The NPD was one of 39 police agencies in the state awarded a grant specifically meant to help target aggressive driving and speeding around school buses and school bus stop-arm violations in general. In total, the Indiana Criminal Justice Institute distributed $380,000 throughout the state to agencies, with the Newburgh Police Department receiving a $4,000 grant. No other Warrick County agencies either applied or received grant monies, but for Warrick County workers with children who attend Evansville schools, the Evansville-Vanderburgh School Corp. Police were also awarded $1,238.
The grant coincides with a new a new school bus safety law, which went into effect on July 1 of this year and requires school bus drivers to use flashing lights and extend the stop arm any time students are loading or unloading the vehicle.
For drivers unfamiliar with school bus safety laws, Indiana drivers must stop for a school bus when the arm is extended. Unless there is an actual physical barrier or unimproved median on a divided highway, the opposite traffic must stop. If there is none, they may proceed, but with incredible caution.
Newburgh Chief of Police Eric Mitchell said they often have problems on Bell Road with drivers not stopping when they should.
"[The road] is just distracted driving for the most part," he said. "Because it's four lanes they don't think they should stop, but they should stop."
Mitchell said the NPD applied for this new grant due to incredibly high reports of bus stop-arm violations occurring locally.
"I believe there was about 50 in a single day last year in Warrick County," he said.
In one instance, a 24-year-old woman struck and killed three children walking to their school bus not too far away in Rochester last October.
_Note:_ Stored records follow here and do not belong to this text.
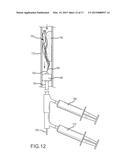 ENDOVASCULAR DEVICE ENGAGEMENT diagram and image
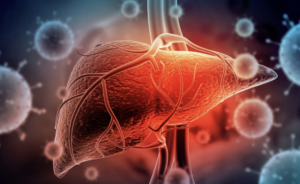 Esteatose hepática: como e por que o acúmulo de gordura no fígado se tornou uma epidemia global e preocupante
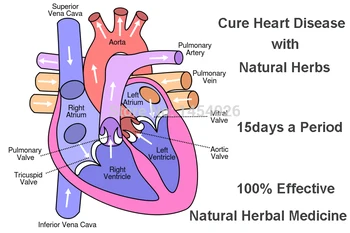 Bolezni srca Medicine Naravnih Rastlin, Zdravljenje Bolezni Srca po Tradicionalni Kitajski Medicini Zeliščne Terapije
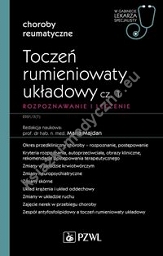 Toczeń rumieniowaty układowy Część 1 Rozpoznawanie i leczenie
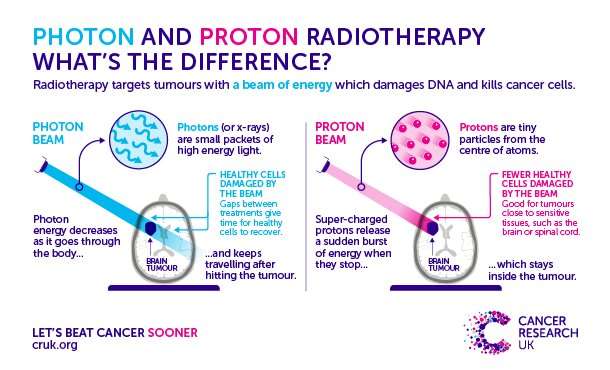 Could proton beam therapy improve throat cancer treatment?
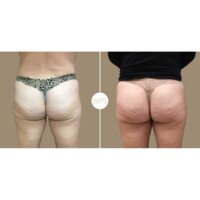 Emsculpt by Karie Emsculpt Procedure Before & After by Wilmington Plastic Surgery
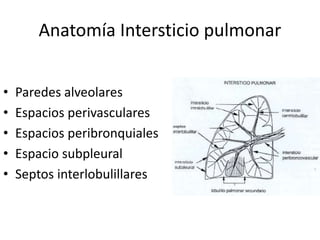 Anatomía Intersticio pulmonar 
• Paredes alveolares 
• Espacios perivasculares 
• Espacios peribronquiales 
• Espacio subpleural 
• Septos interlobulillares 
 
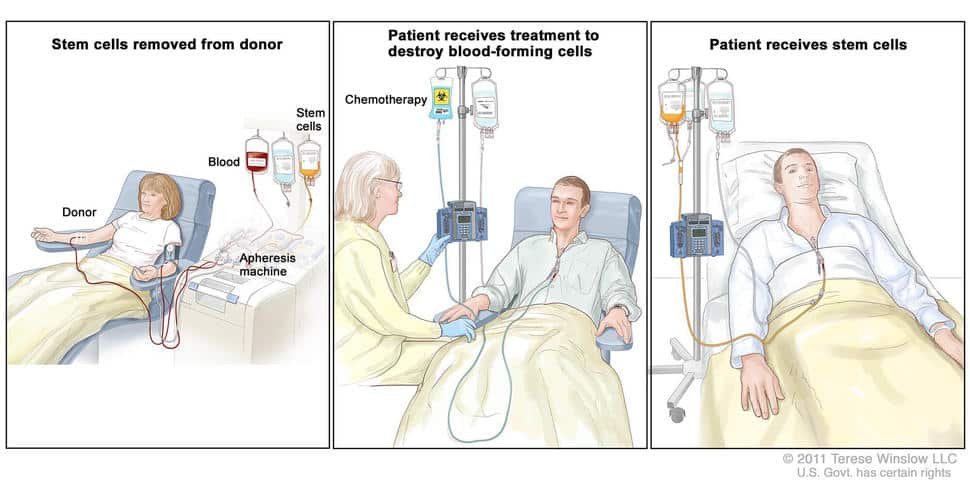 Leukemia Treatment Options: Chemotherapy, Radiation, and Stem Cell Transplant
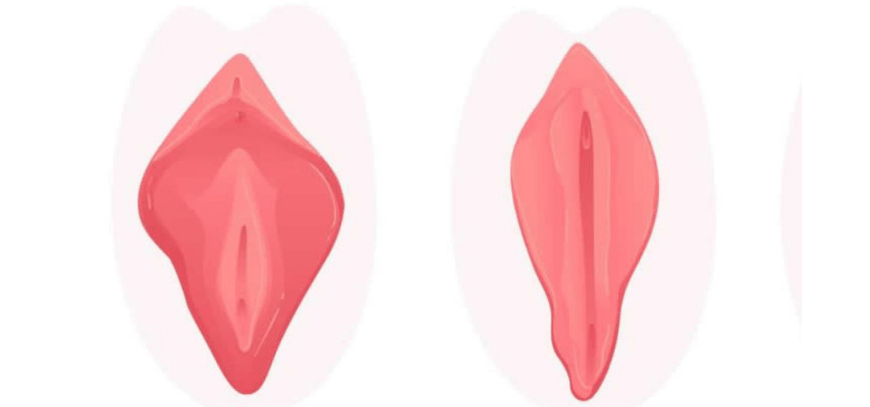 Vaginoplasty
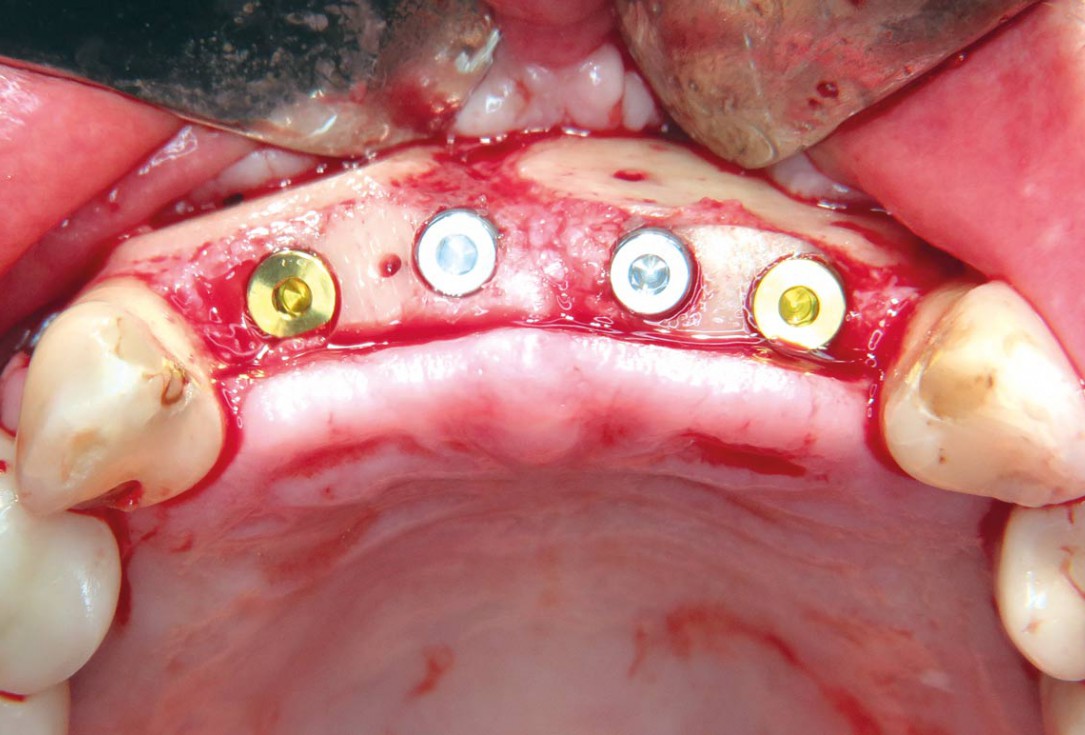 Three-dimensional augmentation with maxgraft® cortico - M.Sc. E. Kapogianni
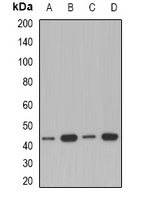 ACAA1 Rabbit Polyclonal Antibody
"So this grant is a big deal to us," Mitchell said.
The Newburgh chief of police said the grant money is being used specifically to assign an officer to certain bus routes during the first six weeks of school.
"Normally, the bus drivers report any violations to the school corp., so they know which bus routes need us the most," he said. "So, we will be getting with those drivers and following them on their routes."
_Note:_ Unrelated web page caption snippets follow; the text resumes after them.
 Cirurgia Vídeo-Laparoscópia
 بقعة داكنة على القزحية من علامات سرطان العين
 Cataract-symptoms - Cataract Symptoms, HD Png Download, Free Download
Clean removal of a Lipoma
Mitchell did say there was an option with the grant to even have an officer stationed on the bus, but he wasn't too fond of that idea.
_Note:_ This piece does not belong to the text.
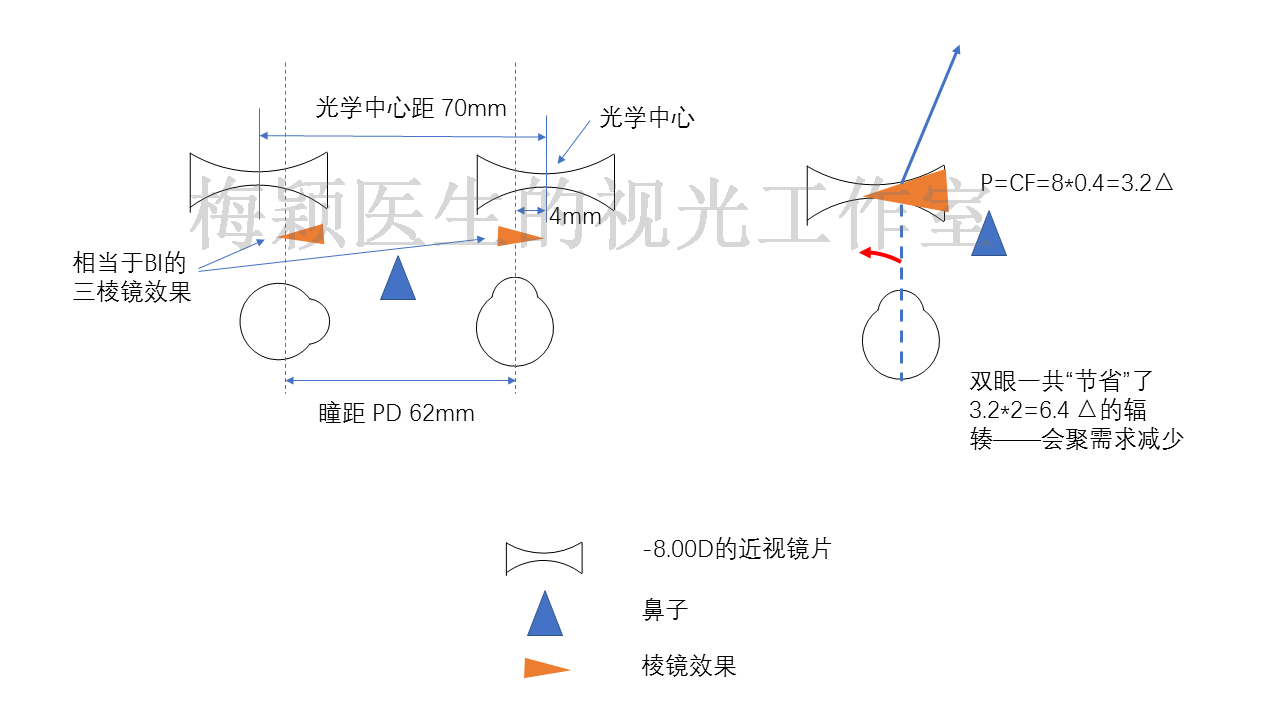 斜视双套环缝线示意图图片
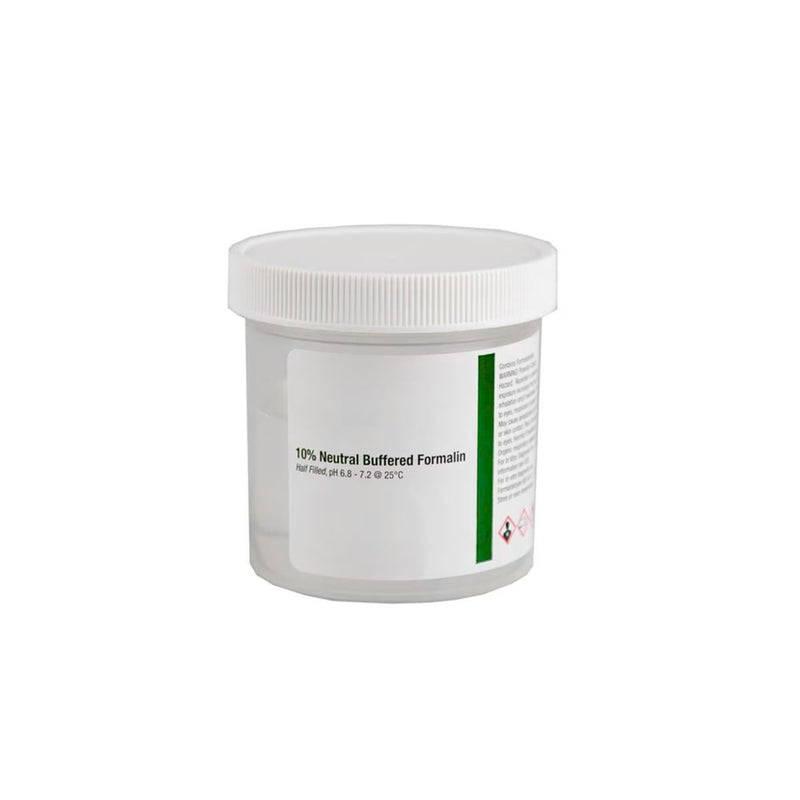 Large Pre-Filled Formalin Jars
"Because how are they going to go and catch someone if they are sitting on a stopped bus," he said.
Mitchell said the grant gives the department extra resources they wouldn't normally have to police the areas where many of the violations occur.
"An officer is going to be assigned specifically to this," he said. "So they aren't taking calls or having something else drawing them away from that."
But all in all, Mitchell said their main goal isn't just to cite people.
"We want to hopefully be visible so they can say, 'Hey, we shouldn't be doing this,'" he said.
Mitchell said they are very grateful for the grant and hope it helps keep the children safer and drivers more aware when it comes to school buses.
"It's definitely an issue everywhere when you look at the accidents that happen because people just don't pay attention," he said. "So, we are kind of excited about this. To me, this is one of the best grants I've seen in years."
Indiana police agencies have until Aug. 30 to apply for an additional school-bus stop enforcement grants and can do so at www.in.gov/cji.